What is the difference between a short sale and a foreclosure?

What is the difference between a short sale and a foreclosure?

If you’re in the market right now, you may be wondering if you can get a good deal by buying a foreclosed or short sale home. If you’re new to the world of short sales and foreclosures, it’s actually a pretty simple process and one that could get you a good deal if you’re willing to take the risk.

In either case, the ownership is being transferred back to the lender and you won’t be buying from the family that owned it unless it’s still in the short sale phase, in fact, the foreclosed home will take place by auction. Take a look at what these two terms mean, what it means for you, and if you should buy a home in this situation.

What is a foreclosure or a short sale?

A foreclosure is commonly used when a borrower defaults on loan payments with their lender, so the lender takes repossession of the property. A short sale happens when a foreclosing home is in the pre-closure period where the lender has filed the Notice of Default before foreclosure has completed. A home that sells during the period between the filing and the foreclosure would sell as a short sale.

A borrower that ends up defaulting on their loan and has to have the home repossessed by the lender will benefit more from a short sale since a foreclosure is much more harmful to their credit score and a short sale avoids many of the harmful effects of that.  While a foreclosure happens because of a borrower defaults on their payments, a short sale happens when a borrower isn’t able to make payments, owes more than the home’s worth right now, and the lender agrees to it.

How homebuyers end up with a short sale or foreclosed home

If you’re in the market for a home, you may have come across a home that is foreclosing or in the short sale part of the process. There used to be many more of these on the market a few years back and fortunately, families are doing better today with fewer default notices and bank repossessions taking place. if you do happen to find one, it could end up being a great deal for you as a buyer.

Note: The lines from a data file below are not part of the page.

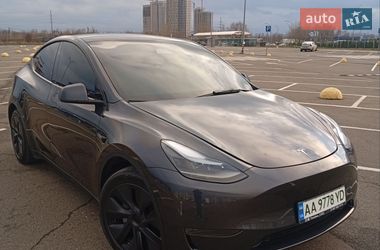 Tesla Model Y 2025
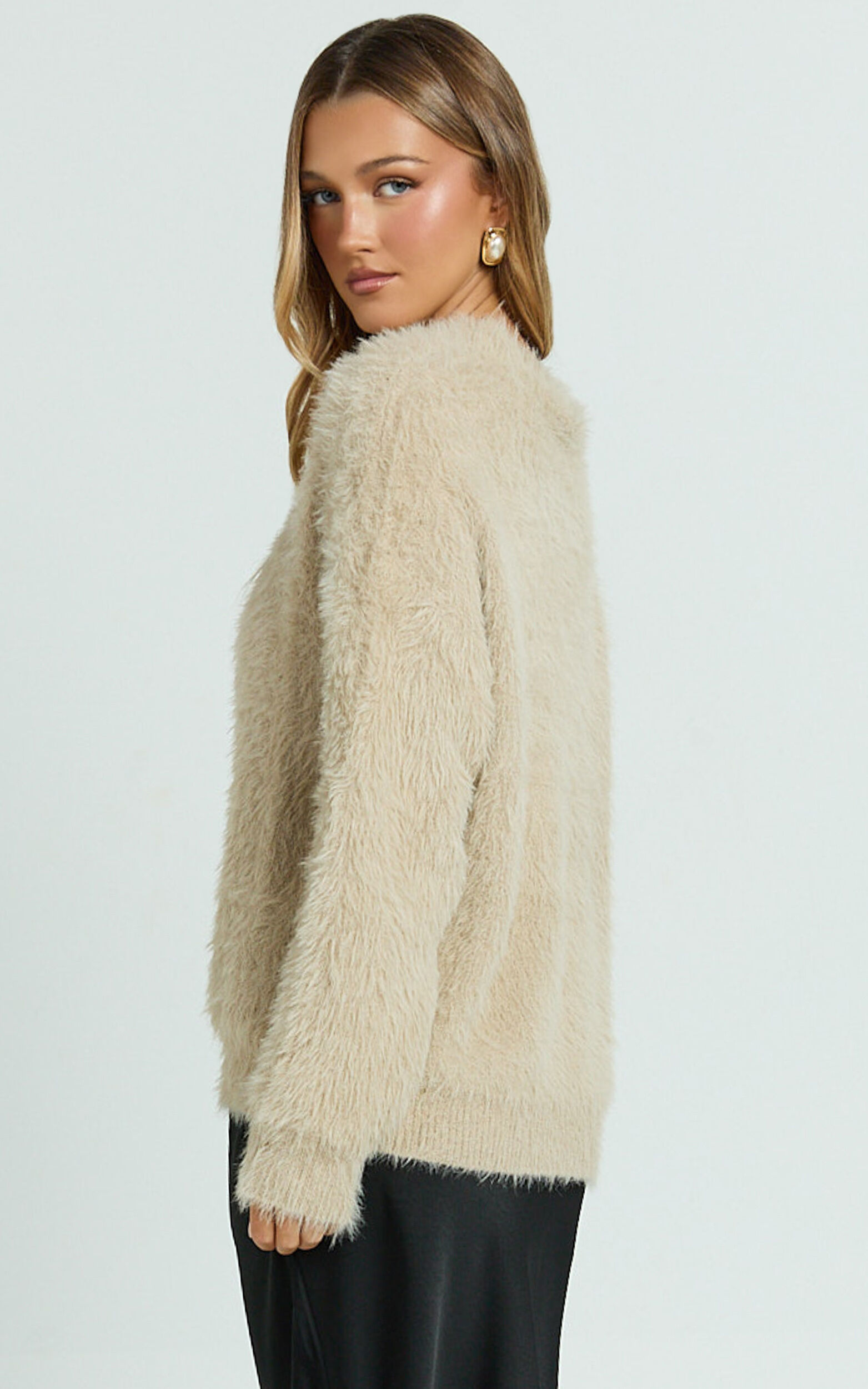 Joena Jumper - Fluffly Knit Jumper in Neutral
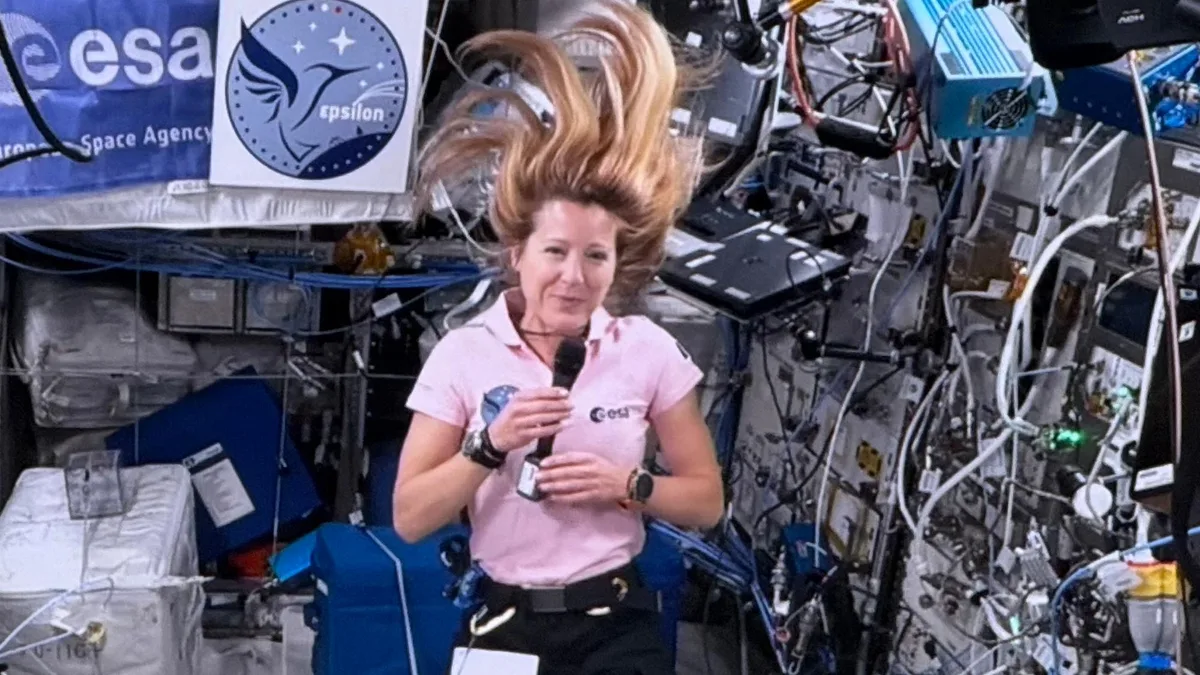 Sophie Adenot n’oublie pas la rentrée et adresse un message d’encouragement aux élèves depuis l’espace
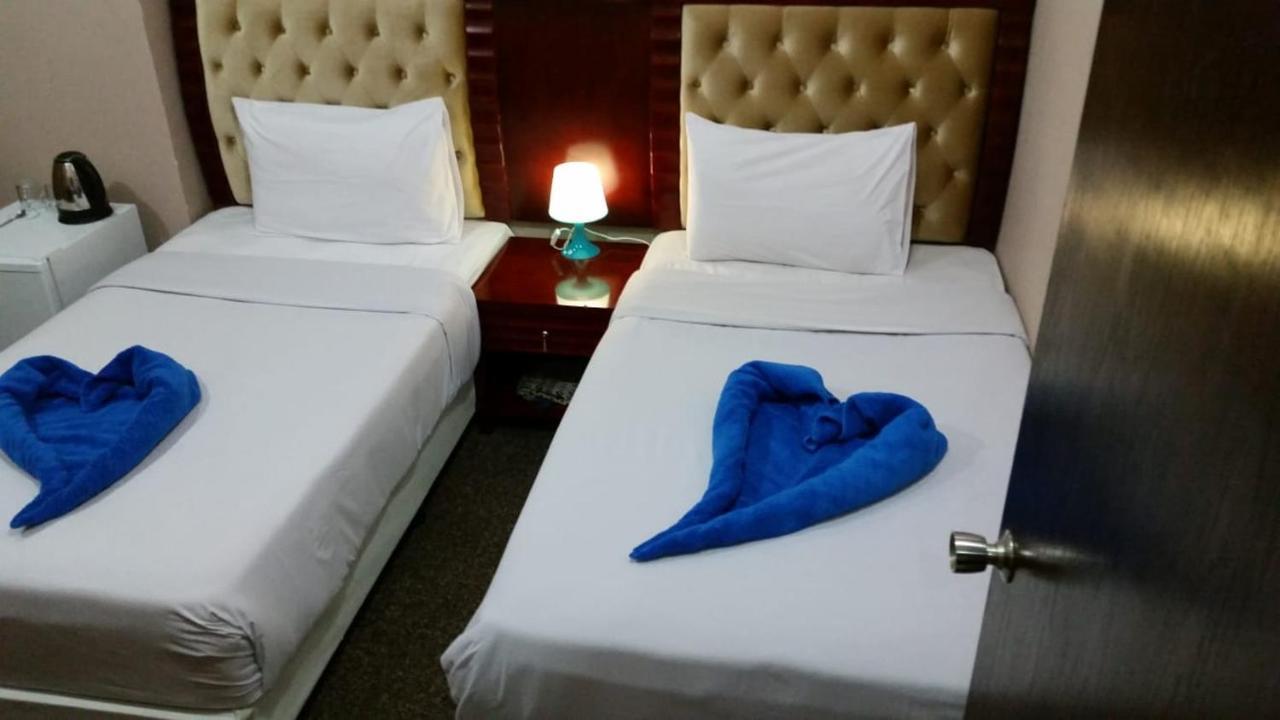 Continental Suite Farwaniya Kuwait City Eksteriør bilde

Start by working with an agent that is willing to look for these types of properties knowing that you are looking for a good deal. You can usually find an agent that specializes in finding these properties and selling them.

Is it advantageous for me to buy a foreclosing home?

There are pros and cons to going this route in your home search. First off, the biggest advantage is that you’ll likely be able to score a better deal since they are often priced below retail and lower than comparable homes. This means that your mortgage will be lower than it would have been and you’ll owe less in interest on the entire loan.

This is also great for those that want to renovate or improve the home because it will be easy to build equity fast, which increases the net worth, and gives you the option of borrowing against the equity in the future. Don’t forget the fact that buying a short sale home means that you’ve saved the original owner from going into foreclosure, which is very harmful to their credit score.

Watch out for the other end as there are some downsides to going this way. You’ll likely end up with a home that needs renovations or repairs because if the owner couldn’t pay their monthly mortgage, they also probably weren’t handling the maintenance.

Find out before buying what you’ll be faced with if you become the owner since repairs can get expensive. It also could have vandalism while it was vacant which would add to your repairs, although it may be reflected in the actual price of the home anyway. You’ll have to decide if the savings in the short sale is worth it compared to the amount of money you’ll need to renovate.

There aren’t as many short sales and foreclosures out there, so when one becomes available, there may be heavy competition to snatch it up. In the case of a short sale, your seller may not be willing to negotiate since there is an outstanding mortgage balance to cover, but they may be more motivated to sell to someone else that isn’t trying to negotiate. In addition, be prepared for a lengthy closing timeframe up to 90 days since the original lender has to approve the sale.

If you’re up for the challenges that come with buying a home like this, it could benefit you greatly in the long run. That is a look at the difference between a short sale and a foreclosure, and what it means to buy one of these properties.